Entering the 2012-13 NBA season, those lowly Clippers have joined their Staples Center counterparts in the dangerous waters of high expectations. The question is, do these theories of success hold any value?
With Chris Paul as their leader, the answer many will leap to is yes. The fact of the matter is, Chris Paul has made it past the first round of the postseason on just two occasions.
Both times he's done so, Paul has fallen to Tony Parker and the San Antonio Spurs in the Western Conference semifinals.
For the Los Angeles Clippers to make a run after the title, it will take more than CP3's efforts and production. For Vinny Del Negro's crew, it will require a well-rounded effort with each and every player fulfilling his role to the greatest extent.
Something this roster simply cannot guarantee.
There is no denying how many quality players the Los Angeles Clippers possess. Chris Paul, Chauncey Billups, Caron Butler and Jamal Crawford are all top-tier veterans with postseason experience.
Unfortunately, each one of those players also has a long history of injury.
Should these players remain healthy, the promise is there. The issue, however, is not resolved.
This roster is thin in the frontcourt and, despite its starting talent and athleticism, has a tendency to be exploited in that area. With Blake Griffin and DeAndre Jordan virtually alone on the roster, it's not hard to understand why.
Reserves at the position during the 2011-12 NBA season were veterans Reggie Evans and Kenyon Martin. Both players had a surplus of postseason experience, which was on full display as they helped lead the Clippers to their best season of the century.
This time around, the players backing Griffin and Jordan are far from reliable.
The mercurial Lamar Odom is coming off of the worst season of his career. While optimists project him to turn things around, that's far from guaranteed. With shaky secondary options in Ryan Hollins and Ronny Turiaf, there is a reason for pessimism.
Ronny Turiaf may have been on the Miami Heat when they won the title in 2011-12, but that does not mean he rounds out a championship contender.
This is not to rule out the possibility of a title coming to Los Angeles, as the Clippers are better suited than most NBA franchises. The fact of the matter is, this team lacks a true low-post scoring option and has no shooting guard.
Jamal Crawford, Chauncey Billups and Eric Bledsoe are simply solid enough players that they can split time at the position.

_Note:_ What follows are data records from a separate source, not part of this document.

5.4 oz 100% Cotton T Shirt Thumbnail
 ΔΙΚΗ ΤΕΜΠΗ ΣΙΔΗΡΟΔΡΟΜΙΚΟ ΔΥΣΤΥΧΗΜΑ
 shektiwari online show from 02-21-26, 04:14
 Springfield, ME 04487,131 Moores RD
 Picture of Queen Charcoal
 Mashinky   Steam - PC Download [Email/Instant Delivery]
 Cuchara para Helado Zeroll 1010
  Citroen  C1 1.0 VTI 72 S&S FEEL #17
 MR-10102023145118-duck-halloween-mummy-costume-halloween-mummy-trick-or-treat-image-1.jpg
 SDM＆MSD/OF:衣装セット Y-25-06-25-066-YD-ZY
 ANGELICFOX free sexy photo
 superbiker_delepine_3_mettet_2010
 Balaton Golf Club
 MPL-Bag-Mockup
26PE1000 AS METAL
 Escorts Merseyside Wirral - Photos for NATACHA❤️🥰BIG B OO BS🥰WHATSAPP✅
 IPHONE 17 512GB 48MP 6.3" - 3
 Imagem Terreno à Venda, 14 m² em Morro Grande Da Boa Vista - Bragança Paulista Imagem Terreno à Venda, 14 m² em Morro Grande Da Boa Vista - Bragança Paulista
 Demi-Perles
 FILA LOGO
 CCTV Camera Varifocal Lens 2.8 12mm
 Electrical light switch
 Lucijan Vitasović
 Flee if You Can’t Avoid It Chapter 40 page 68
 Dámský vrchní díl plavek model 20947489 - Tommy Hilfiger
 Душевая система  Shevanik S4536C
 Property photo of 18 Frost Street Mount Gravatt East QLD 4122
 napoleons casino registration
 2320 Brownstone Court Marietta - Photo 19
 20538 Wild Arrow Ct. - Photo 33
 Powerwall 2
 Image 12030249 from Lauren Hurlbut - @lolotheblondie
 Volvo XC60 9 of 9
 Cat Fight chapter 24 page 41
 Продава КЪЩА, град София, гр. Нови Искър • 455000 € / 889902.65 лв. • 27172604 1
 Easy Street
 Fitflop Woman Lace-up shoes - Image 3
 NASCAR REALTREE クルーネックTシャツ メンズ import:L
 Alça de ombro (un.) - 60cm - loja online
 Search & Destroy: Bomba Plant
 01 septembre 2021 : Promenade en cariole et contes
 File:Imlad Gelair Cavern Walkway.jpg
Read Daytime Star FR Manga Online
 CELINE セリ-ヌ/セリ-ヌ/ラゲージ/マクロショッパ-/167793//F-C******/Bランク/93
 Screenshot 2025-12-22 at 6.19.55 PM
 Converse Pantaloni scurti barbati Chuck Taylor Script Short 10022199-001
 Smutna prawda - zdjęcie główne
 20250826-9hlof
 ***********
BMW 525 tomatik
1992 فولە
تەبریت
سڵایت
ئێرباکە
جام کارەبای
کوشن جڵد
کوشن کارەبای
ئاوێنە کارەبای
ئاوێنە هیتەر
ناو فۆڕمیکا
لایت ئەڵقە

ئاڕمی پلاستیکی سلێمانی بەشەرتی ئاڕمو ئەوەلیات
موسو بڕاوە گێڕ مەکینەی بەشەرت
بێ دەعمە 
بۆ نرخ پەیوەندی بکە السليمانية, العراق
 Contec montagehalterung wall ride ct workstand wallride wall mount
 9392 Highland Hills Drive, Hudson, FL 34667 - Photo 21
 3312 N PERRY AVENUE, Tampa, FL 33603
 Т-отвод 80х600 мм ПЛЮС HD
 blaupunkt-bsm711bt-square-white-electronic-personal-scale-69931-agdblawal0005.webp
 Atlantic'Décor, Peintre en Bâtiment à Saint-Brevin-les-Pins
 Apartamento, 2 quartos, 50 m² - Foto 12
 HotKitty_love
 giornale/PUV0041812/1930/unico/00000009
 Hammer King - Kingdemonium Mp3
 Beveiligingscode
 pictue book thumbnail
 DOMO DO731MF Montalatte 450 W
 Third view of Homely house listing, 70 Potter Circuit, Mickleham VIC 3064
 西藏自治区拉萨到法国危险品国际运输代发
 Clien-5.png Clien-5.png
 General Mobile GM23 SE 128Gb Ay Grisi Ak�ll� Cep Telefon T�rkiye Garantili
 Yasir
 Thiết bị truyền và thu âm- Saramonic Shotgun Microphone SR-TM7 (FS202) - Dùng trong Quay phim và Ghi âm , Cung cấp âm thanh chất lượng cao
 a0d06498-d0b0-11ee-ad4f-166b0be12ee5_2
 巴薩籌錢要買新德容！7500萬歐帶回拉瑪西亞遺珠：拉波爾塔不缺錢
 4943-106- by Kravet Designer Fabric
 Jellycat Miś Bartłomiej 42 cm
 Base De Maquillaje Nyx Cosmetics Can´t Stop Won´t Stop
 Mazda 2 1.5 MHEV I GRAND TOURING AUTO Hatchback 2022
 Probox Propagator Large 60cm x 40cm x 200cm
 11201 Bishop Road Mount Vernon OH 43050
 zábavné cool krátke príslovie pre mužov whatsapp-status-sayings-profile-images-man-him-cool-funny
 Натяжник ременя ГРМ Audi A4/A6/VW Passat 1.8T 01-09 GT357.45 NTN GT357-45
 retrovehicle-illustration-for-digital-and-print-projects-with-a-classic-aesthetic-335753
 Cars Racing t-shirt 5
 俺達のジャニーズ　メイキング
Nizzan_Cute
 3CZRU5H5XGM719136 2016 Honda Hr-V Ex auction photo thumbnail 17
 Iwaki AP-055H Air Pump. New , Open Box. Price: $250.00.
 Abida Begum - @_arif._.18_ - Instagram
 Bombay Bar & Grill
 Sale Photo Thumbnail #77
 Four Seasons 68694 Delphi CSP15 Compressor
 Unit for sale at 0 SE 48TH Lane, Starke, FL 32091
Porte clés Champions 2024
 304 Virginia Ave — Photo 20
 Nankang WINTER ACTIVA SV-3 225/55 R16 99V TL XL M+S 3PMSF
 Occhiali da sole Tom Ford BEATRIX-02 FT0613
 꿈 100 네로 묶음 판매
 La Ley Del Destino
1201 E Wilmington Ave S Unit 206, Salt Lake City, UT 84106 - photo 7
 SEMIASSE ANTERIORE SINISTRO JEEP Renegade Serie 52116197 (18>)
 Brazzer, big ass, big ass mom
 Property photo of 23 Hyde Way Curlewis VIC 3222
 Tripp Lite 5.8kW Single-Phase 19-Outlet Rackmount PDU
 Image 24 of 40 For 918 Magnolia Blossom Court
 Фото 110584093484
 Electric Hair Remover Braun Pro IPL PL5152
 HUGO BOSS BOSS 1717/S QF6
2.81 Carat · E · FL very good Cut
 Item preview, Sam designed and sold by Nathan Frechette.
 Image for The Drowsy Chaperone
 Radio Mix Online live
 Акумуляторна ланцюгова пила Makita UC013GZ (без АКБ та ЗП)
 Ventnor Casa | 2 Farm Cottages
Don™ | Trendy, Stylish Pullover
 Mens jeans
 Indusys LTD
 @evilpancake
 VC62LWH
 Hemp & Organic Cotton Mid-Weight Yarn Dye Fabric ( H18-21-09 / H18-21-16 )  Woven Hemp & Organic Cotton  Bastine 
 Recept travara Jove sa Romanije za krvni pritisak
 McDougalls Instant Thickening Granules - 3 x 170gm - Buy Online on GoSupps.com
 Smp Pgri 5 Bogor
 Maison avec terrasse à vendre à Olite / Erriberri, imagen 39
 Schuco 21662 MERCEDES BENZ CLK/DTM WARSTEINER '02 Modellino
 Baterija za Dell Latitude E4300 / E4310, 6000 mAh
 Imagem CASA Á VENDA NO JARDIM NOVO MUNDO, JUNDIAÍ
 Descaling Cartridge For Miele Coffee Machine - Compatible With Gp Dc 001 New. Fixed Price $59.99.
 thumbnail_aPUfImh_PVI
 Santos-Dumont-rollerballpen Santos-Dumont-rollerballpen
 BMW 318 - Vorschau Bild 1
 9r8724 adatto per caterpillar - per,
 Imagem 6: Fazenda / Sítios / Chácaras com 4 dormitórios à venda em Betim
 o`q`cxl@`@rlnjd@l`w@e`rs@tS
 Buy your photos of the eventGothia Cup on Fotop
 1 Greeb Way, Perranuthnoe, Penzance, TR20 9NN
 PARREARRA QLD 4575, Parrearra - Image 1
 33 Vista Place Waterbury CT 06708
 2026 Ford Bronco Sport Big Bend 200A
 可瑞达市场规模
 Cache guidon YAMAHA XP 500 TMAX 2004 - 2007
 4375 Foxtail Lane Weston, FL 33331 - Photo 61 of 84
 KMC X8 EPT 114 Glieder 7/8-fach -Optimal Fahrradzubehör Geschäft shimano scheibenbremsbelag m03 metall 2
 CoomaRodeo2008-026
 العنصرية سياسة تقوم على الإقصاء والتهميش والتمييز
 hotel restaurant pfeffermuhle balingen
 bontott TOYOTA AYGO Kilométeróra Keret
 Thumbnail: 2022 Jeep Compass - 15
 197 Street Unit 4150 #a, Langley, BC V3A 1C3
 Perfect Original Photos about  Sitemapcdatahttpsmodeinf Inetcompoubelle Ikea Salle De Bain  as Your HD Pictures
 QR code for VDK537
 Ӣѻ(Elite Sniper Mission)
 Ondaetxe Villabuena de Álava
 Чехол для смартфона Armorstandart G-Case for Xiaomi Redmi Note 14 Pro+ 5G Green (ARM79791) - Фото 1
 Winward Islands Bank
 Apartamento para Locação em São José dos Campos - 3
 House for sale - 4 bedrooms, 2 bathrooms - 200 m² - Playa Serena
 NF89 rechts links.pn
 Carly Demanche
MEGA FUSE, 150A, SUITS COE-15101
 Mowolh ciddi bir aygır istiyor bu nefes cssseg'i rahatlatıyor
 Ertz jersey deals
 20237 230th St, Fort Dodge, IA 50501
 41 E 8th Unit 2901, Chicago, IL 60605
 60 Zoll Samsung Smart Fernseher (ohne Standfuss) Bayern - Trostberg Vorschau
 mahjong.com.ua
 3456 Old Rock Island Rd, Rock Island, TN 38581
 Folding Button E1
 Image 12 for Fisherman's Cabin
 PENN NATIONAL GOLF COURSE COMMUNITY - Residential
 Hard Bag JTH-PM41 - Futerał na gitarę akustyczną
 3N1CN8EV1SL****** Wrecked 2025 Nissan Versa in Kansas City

In a conference that plays home to Kobe Bryant, Manu Ginobili and James Harden, that deficiency is of more significance than one might assume. Although the idea of two primary ball-handlers in every rotation sounds ideal, let's not fool ourselves on how important it is to play defense.
Regardless of how solid the likes of Chris Paul, Chauncey Billups and Eric Bledsoe may be on that end of the floor, none of the players listed can be expected to shut down an elite shooting guard. Should the Clippers have to play the Miami Heat, that struggle becomes all the more severe.
The fact that Caron Butler is injury-prone and his backup is the equally fragile Grant Hill only sparks further reason for concern. It also exploits this team's greatest disadvantage, regardless of which opponent it plays.
On paper, this roster looks to be of elite status. With a severe learning curve ahead and a long history of inconsistency from their key players, however, the Los Angeles Clippers are not fit for a title run.
Not with their current conglomeration of talent.